Many newspaper publishers are now hastening the reform of their local titles challenged by digital consumption migration, the drying up of classified ads and rising print costs, a confluence of strategies suggests.

Stack Of Newspapers On Table
photo: Corbis / Dirk Rees

Some UK newspaper publishers are now hastening the reform of their local titles challenged by digital consumption migration, the drying up of classified ads and rising print costs, a confluence of strategies suggests.

  • Johnston Press is turning five of its daily papers in to redesigned, “bumper” weekly editions with about 150 pages each, while relaunching all 170 of its titles with new seven-day web publishing and iPad editions for the largest. (Announcement).
  • INM is axing its daily The Belfast Telegraph’s evening edition to focus on its single daily edition. (Via Journalism.co.uk).
  • Northcliffe’s Bristol Evening Post is also dropping the “Evening” and its Saturday edition, whilst turning its Venue entertainment magazine digital-only, with 20 possible redundancies. (Via Press Gazette).

It all amounts to less cost-intensive print and, with any luck, the emergence of a digital strategy worth its name.

Local newspapers have been somewhat asleep at the wheel during several years of change and disintermediation, bringing to market online versions of brands that repurposed their core content rather than reimagined their core purpose.

During that time, local papers’ core consumer demographic has, quite literally, been dying off while younger consumers – no less information-hungry – have disconnected from parochial local publishers and connected with each other using new tools.

Now this perfect storm is reaching its fiercest.
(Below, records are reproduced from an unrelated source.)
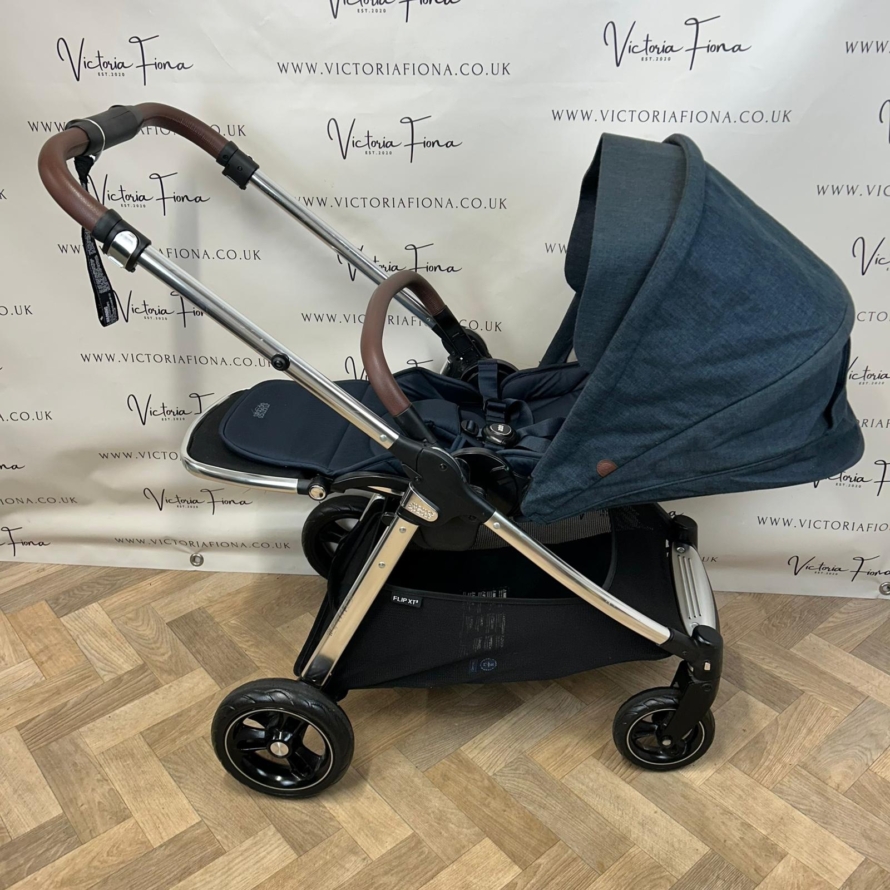 PRELOVED Mamas And Papas Flip xt3 Pushchair & Carry Cot Travel System - Navy Flannel - Image 6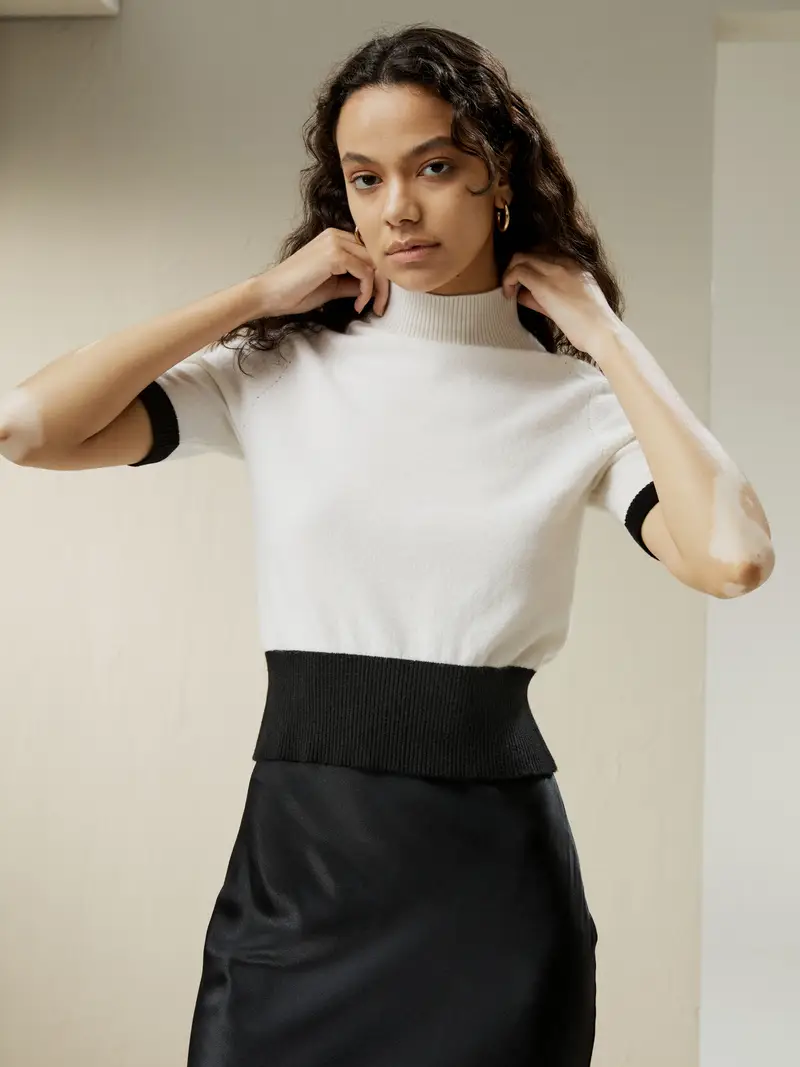 Maglietta In Cashmere Donna Bianco Con Polsini E Orlo Colorati 100% Cashmere Caldo, Morbido E Delicato Sulla Pelle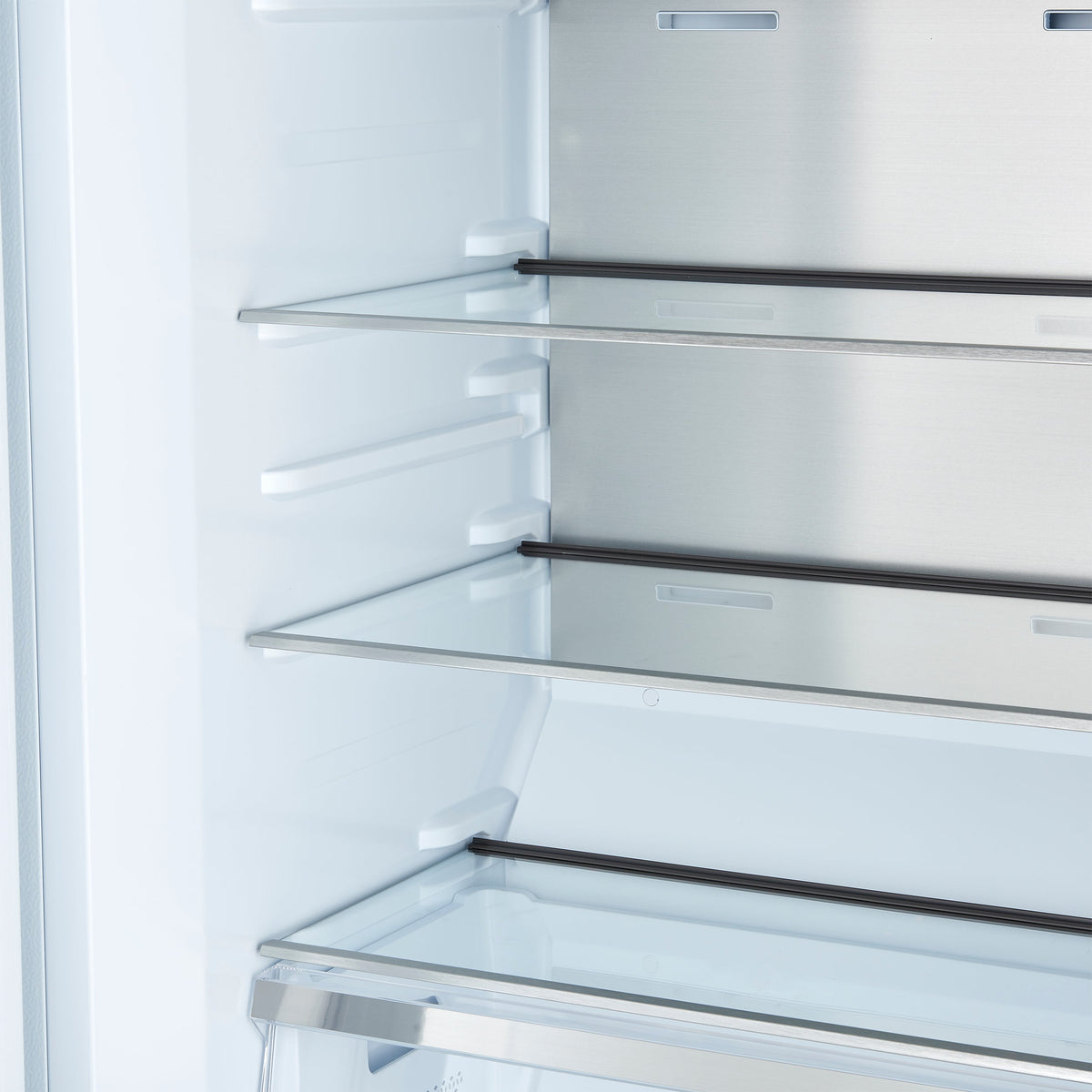 FORNO Maderno 32-Inch Built-In Convertible Refrigerator Freezer, 13.6 cu. ft., Left Swing, White with Antique Brass Handle, Model FFFFD1722-32LSG-WHT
Some citizens still have a strong desire for local news and information, according to a new Pew Research Centre survey – but the economic foundation of the local newspapers of yesteryear is eroding.

Northcliffe, which last year closed 12 titles and divested another eight, already changed four dailies to weeklies, and found average issue circulation up 30 percent. It wants to grow digital from seven percent of its business to 19 percent by 2015/16, with print dipping from 82 percent to 49 percent.
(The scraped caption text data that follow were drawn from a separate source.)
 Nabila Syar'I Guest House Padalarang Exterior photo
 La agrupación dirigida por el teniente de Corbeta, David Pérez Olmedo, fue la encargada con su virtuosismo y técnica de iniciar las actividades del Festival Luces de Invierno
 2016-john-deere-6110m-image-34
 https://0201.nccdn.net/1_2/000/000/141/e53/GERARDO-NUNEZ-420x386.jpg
At Johnston, new CEO Ashley Highfield – ex of Microsoft and the BBC – has unveiled the bullet points of an upcoming April 25 strategy to move the firm, perhaps belatedly, to a “platform-neutral” publishing approach with a web overhaul coming in July.

“We will extend our audience by  increasing our online content and making it easier to access in the most relevant ways as technologies continue to evolve,” Highfield says. Print price rises and the conversion of more of Johnston’s 19 dailies to weeklies are also on the agenda.

But Highfield also wants to aggregate related content from across Johnston’s large local network, in areas like soccer, small business or gardening, in to national UK niche brands.

“Websites like Mumsnet have exploited this brilliantly and we can too,” Highfield tells Guardian.co.uk. “So our plan is to create several of these new businesses and then promote them on a national basis.”

This is a smart idea. Nowadays, few younger-generation consumers engage with their locality purely within the isolated confines of their local newspaper experience. But they frequently do engage locally – national brands like Rightmove, Gumtree, Meetup, TheyWorkForYou and more all allow us to indulge in the same kind of functions local papers once had all to themselves.

Can any of the publishers make a transition finally? CNN International digital VP and GM Peter Bale says: “Definitely a burning platform. Good luck.”